I maintain embedded development C and C++ toolchains for a living. I have seen my share of compiler bugs. For example, some optimization pass in a popular open-source compiler that would lose track of dereferences of pointer variables if they were more than 12 bytes deep in the stack, meaning that a reference capture in a C++ lambda would get converted to a value capture if it was the third or later capture in order and changes to the referenced capture would be lost....

Anyway, my experience is that compiler bugs do exist, but maybe 99% or so of "compiler bugs" reported by my users turn out to be undefined behaviour in their code.

bregma | 3 years ago

Note also that "it's never a compiler bug" applies more to things like GCC and so on.

If you're working with a new language or quickly changing, e.g. Nim, Crystal, etc, or even something as old as Rust, then it can much more easily just be a compiler bug...

coldtea | 3 years ago

Maintaining an application that still has Symbian users (some people are really conservative and like their Nokia E52s, plus there isn't as much malware for this dead OS), bugs in old GCCE are rather annoying.

Sometimes, for no reason, GCCE just crashes compiling totally innocent code. Usually, a minor rewrite of the logic helps, or even weird edits such as adding a new (useless) parameter to a method.

The last GCCE toolchain for Symbian was released by CodeSourcery in March 2012. It contains GCC version 4.6.3. It is theoretically possible to adapt and compile a newer version, but the sources need so many edits that I gave up after a few days.

inglor_cz | 3 years ago

A couple of years back I ran into a JDK JIT bug during a project. The code ran fine until I ran it through benchmarks, which triggered JIT on a method causing it to return incorrect results.

Took a long time to find, because there were no errors, just wrong results (a specific if statement taking the wrong branch).

Trying to get assistance from others were mostly met with responses along the lines of "It's probably a race condition" (in single-threaded code) / "very unlikely to be a bug in the JIT". I did end up finding a way to disable JIT for the specific method, which solved the issue, and never got around to finding the root cause. I do believe it has been fixed in the meantime at least.

I haven't run into major compiler bugs since then, but often have to dive deep into libraries to find obscure bugs (database drivers and web servers most often).

matharmin | 3 years ago

Ah kids these days. New compilers used to be written every year or so, and had the most horrific bugs. For instance, the one that reordered complex 'if' conditions to evaluate in chunks, ignoring precedence. Or the compiler that stored parameter context while compiling with a different lifetime than the actual one - resulting in references to deleted memory during compilation. And on and on.

Used to be, a compiler bug was right up there with a memory issue in your list of 'what might be wrong'.

JoeAltmaier | 3 years ago

My immediate tangential thought is about Ken Thompson's paper, "Reflections on Trusting Trust".

The gist is that our security issues could come layers away from where we may expect them to, all the way up to the compiler. It's a great paper, but who would have expected anything less from Ken Thompson.

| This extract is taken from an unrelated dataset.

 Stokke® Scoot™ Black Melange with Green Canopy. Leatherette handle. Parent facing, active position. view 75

https://dl.acm.org/doi/10.1145/358198.358210

jjice | 3 years ago

I ran into a compiler bug in Clang by accident about 10 years ago.

The story is that I checked in a code change that passed unit tests locally, that then broke an automated build. This was bizarre because this was at Google and our check-in process guaranteed that we had run the test suites successfully, which required the very compile that broke.

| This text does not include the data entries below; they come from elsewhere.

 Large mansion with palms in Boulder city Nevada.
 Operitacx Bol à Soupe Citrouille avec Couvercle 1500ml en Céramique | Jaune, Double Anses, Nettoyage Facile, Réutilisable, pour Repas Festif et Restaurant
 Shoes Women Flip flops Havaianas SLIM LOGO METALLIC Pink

It turns out that the local compile was with GCC, and the automated one was Clang. The construct that they treated differently went like this.

There was a class A with a protected property bar, and a subclass B. I also had unit test code in a class TestB which was a friend class to B. And in that unit test code I accessed foo.bar where foo was of class B.

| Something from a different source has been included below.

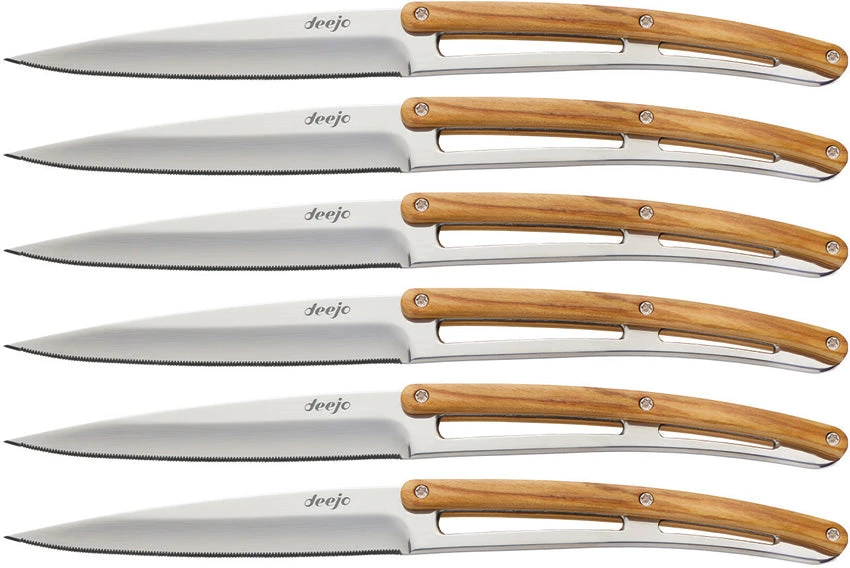 Deejo Steak Knife Set Of 6 Kitchen Olive Wood Knives 6ab001 1 Deejo Steak Knife Set Of 6 Kitchen Olive Wood Knives 6ab001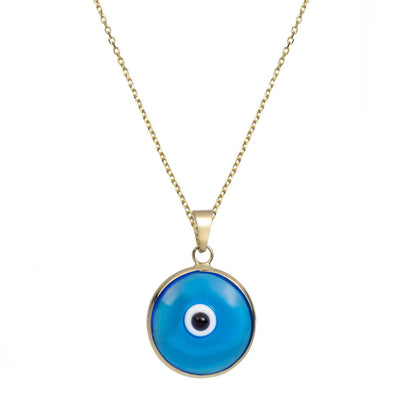 Picture of 1" Evil Eye Pendant Necklace 14K Yellow Gold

GCC looked at that access, decided that bar is protected, foo is of class B, and TestB is a friend, so TestB has access.

Clang looked at that access, found that bar is protected and from class A, TestB is NOT a friend, so TestB had no access.

The problem went to a local expert who read the spec and decided that GCC was per the spec, Clang was not, and submitted a bug report to Clang.

As for me I figured that if the very first thing that I thought to try with protected, friend and subclasses was an edge case that nobody could agree on, perhaps C++ wasn't the right language for me...

btilly | 3 years ago

The most difficult bug of my career turned out to be a compiler bug. This was in the last 1980s. We were building autonomous robot navigation code using T, a dialect of Lisp. We were running the same code on Sparc workstations and an embedded system running vxWorks. The vxWorks code would intermittently crash with massive heap corruption, but only when certain devices were being used. The problem turned out to be two out-of-order instructions emitted by the compiler that decremented the stack pointer while a value in the current frame was still live. That value was read by the very next instruction, but if an interrupt happened to occur in between those two instructions, on vxWorks the interrupt handler used the stack of the current task, and so would clobber that live value. Add a few milliseconds more of run time and -- kablooey!

It took several months to figure out what was happening even though in retrospect it should have been pretty obvious.

lisper | 3 years ago

In the JDK 1.0.1, the GridBagLayout would make absolute hash of your layout. I found this out when attempting to write an application in early Java. I read and reread the API spec, I tried everything I could think of, but every time I got a scrambled mess on the screen instead of a nice layout. I was convinced that I had done something wrong because the first rule about bugs in the runtime is, it's probably not a bug in the runtime.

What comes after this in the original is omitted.